Nothing likes getting whacked and stabbed by a heron's sharp beak, and whatever it is is going to do its level best to fight back and escape. The snake in the photo surely tried. I suppose it very much depends on that initial surprise blow—how much it stuns or damages the prey. I've caught three or four herons over the years that I found tangled in fishing line along the streams I frequent. They are big and intimidating—at least they intimidated me—and I was mighty careful to get their head and that deadly beak under control ASAP! No question it could do a man damage. So I'd say given a well-aimed first shot, a hunting heron has half the battle won from the get-go—the prey hurt, addled, easier to keep whacking and banging until death. I'd also say it's a reasonable guess to think that occasionally things go wrong—the first surprise whack misses just a tad, isn't as damaging as hoped, or the intended victim is tougher, meaner, or somehow lucky. I will say though that I've watched herons here along the river catch and eat hundreds of fish, and don't know that I've ever seen one get away—and they're wiggling, and flopping, and fighting back as best they can. Herons are seriously efficient, deadly at their game.
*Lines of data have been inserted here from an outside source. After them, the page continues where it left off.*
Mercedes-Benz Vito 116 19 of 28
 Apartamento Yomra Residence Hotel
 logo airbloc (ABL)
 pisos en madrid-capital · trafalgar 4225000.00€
Once inside…well, if it wasn't dead or dying already, there's probably nasty digestive fluids doing their thing. I have watched what was obviously the visible under-the-feathers bulges of a just-swallowed fish as it flopped around inside a heron for several minutes afterwards, so it isn't an instant death deal. I guess the answer would be how "undead" the snake was, and possibly the type of snake. It would do its best to live for as long as possible, whatever that entailed. There would be almost no hope of escape. But no creature is going to give up until it can't fight any more, or is claimed by death. That's the way of the wild, of all life, and perhaps seems harsh but simply reflects reality.